▸ TASK DESCRIPTION:
Exact copy, no pictures: return all the records as they stand.

** Opening DATA FOR ANALYSIS block **

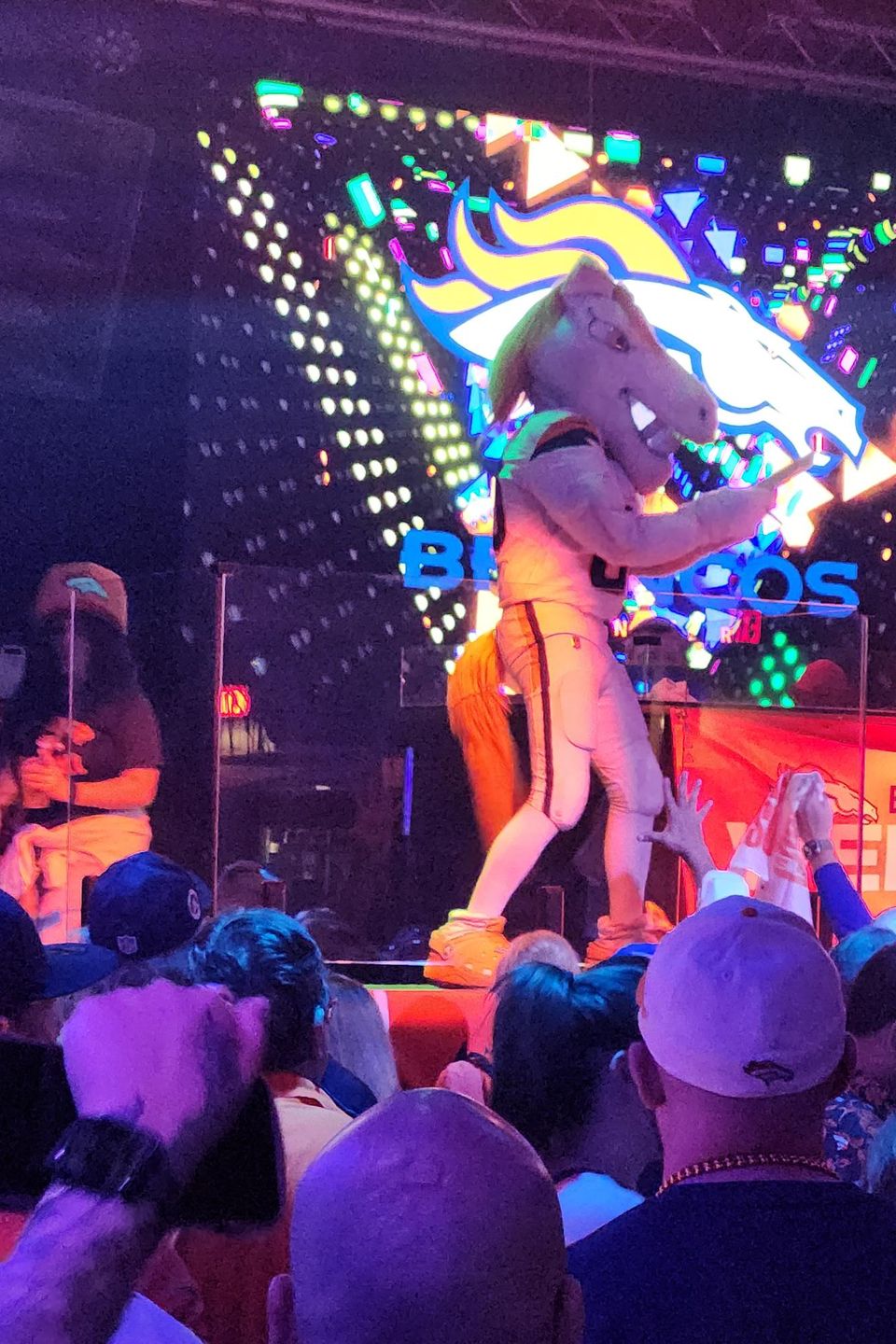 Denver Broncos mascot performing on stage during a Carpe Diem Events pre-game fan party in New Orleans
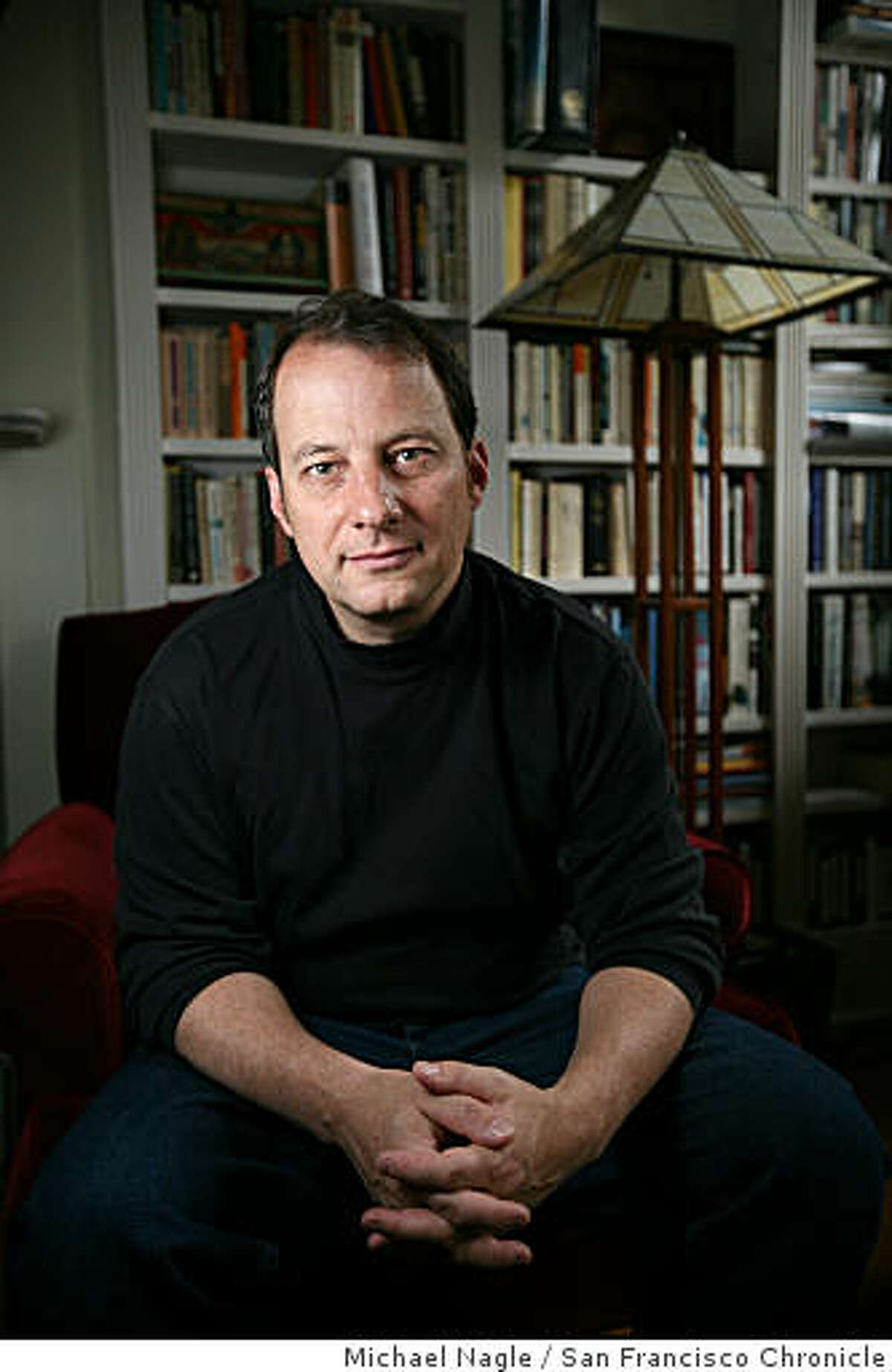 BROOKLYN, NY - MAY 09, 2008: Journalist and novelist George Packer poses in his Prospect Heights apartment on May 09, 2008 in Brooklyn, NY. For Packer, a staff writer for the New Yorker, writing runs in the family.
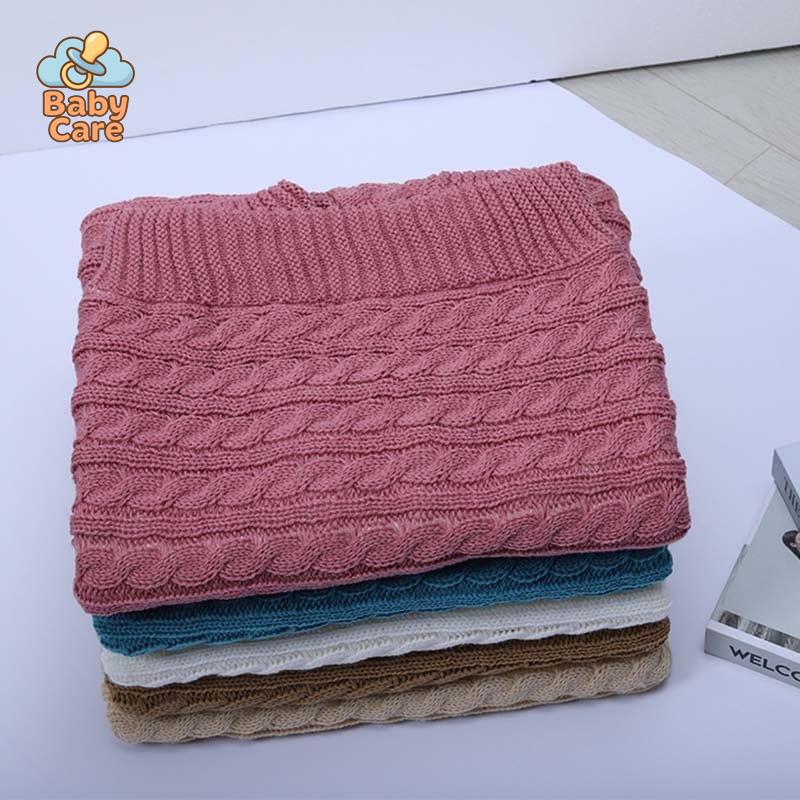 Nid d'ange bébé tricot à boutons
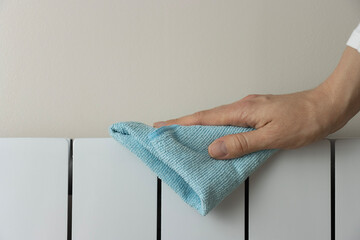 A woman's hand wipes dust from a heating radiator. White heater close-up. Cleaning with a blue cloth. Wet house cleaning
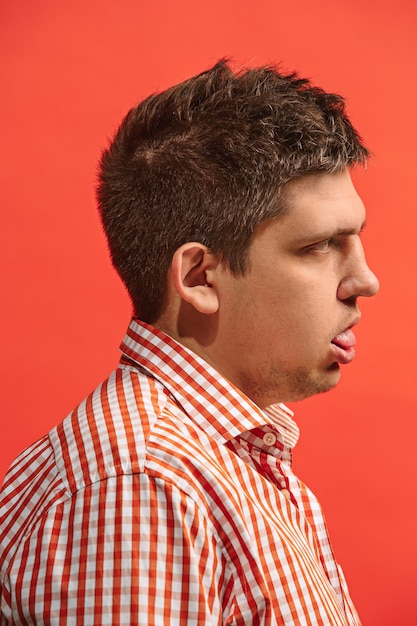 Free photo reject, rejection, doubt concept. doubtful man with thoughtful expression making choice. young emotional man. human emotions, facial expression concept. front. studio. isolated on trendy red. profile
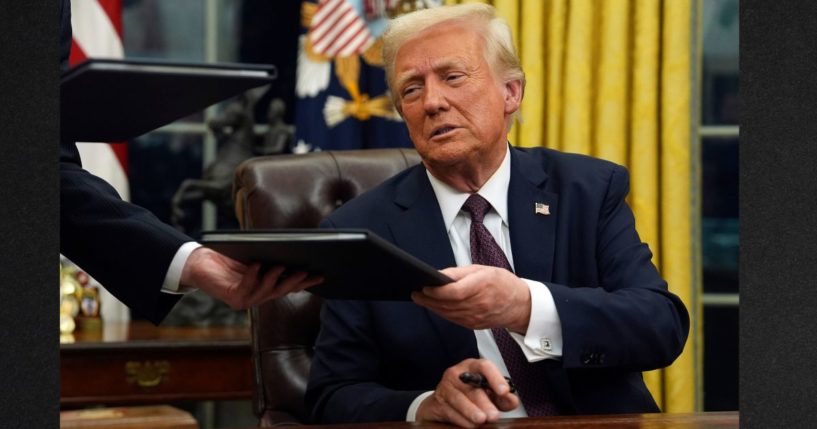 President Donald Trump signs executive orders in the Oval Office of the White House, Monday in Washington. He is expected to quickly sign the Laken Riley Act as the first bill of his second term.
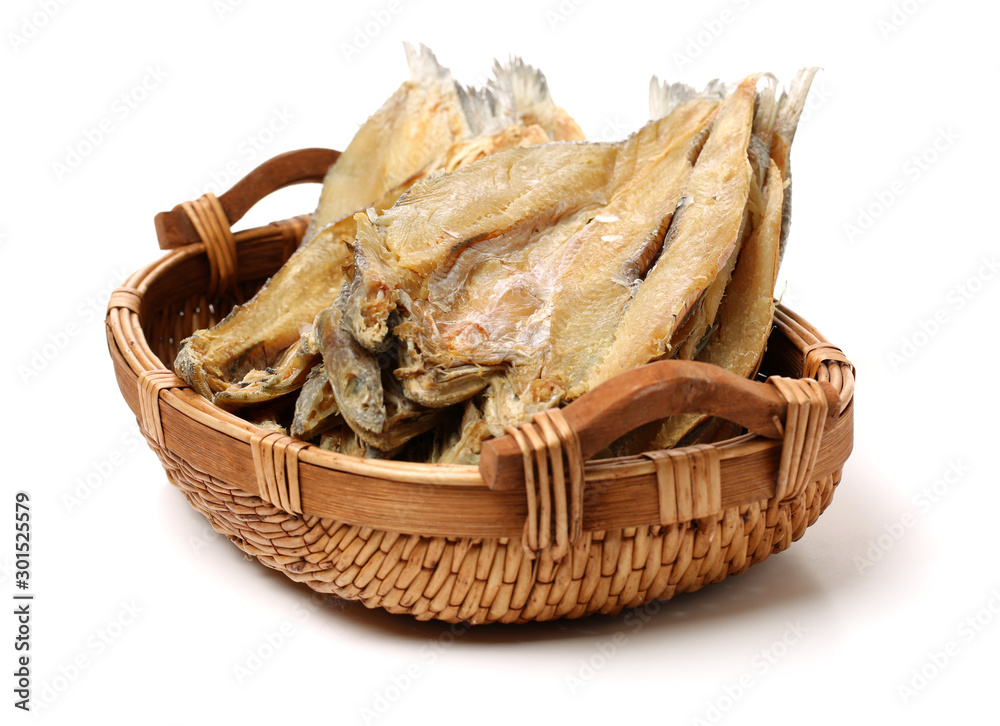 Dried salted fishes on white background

** Closing DATA FOR ANALYSIS block **

▸ RESULT OF THE EXERCISE:
 Denver Broncos mascot performing on stage during a Carpe Diem Events pre-game fan party in New Orleans
 BROOKLYN, NY - MAY 09, 2008: Journalist and novelist George Packer poses in his Prospect Heights apartment on May 09, 2008 in Brooklyn, NY. For Packer, a staff writer for the New Yorker, writing runs in the family.
 Nid d'ange bébé tricot à boutons
 A woman's hand wipes dust from a heating radiator. White heater close-up. Cleaning with a blue cloth. Wet house cleaning
 Free photo reject, rejection, doubt concept. doubtful man with thoughtful expression making choice. young emotional man. human emotions, facial expression concept. front. studio. isolated on trendy red. profile
 President Donald Trump signs executive orders in the Oval Office of the White House, Monday in Washington. He is expected to quickly sign the Laken Riley Act as the first bill of his second term.
 Dried salted fishes on white background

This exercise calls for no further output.